Task statement
The material below has pictures in it. Set down only the lines from the line containing "Silence poster da treechild" through the line containing "Gebraucht VW Passat", word for word, and leave the pictures behind.

Data shown
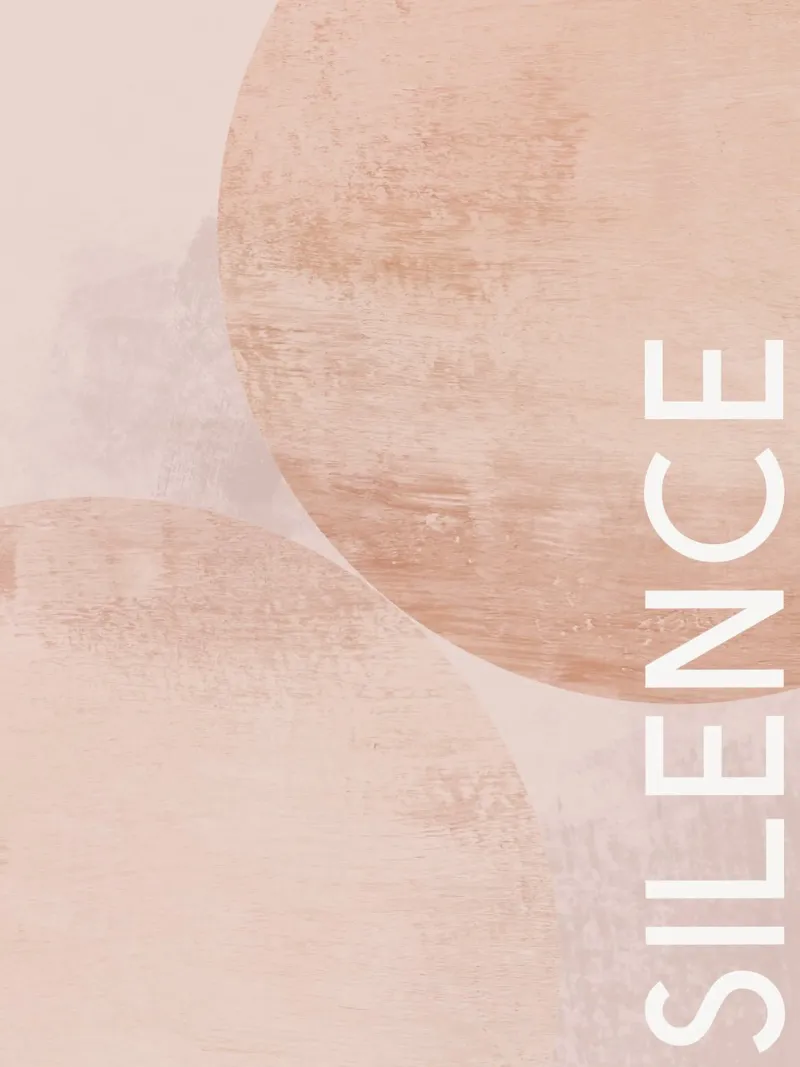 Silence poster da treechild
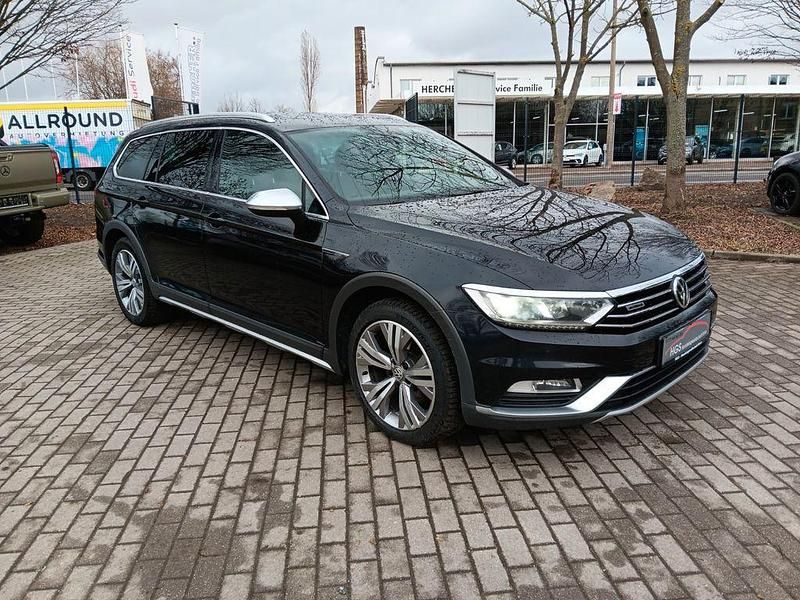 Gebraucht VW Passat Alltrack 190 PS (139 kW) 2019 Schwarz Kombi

---

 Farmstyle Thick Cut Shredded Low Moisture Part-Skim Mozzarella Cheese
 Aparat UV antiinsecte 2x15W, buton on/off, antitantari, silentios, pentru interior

Answer to this exercise
 Silence poster da treechild
 Gebraucht VW Passat Alltrack 190 PS (139 kW) 2019 Schwarz Kombi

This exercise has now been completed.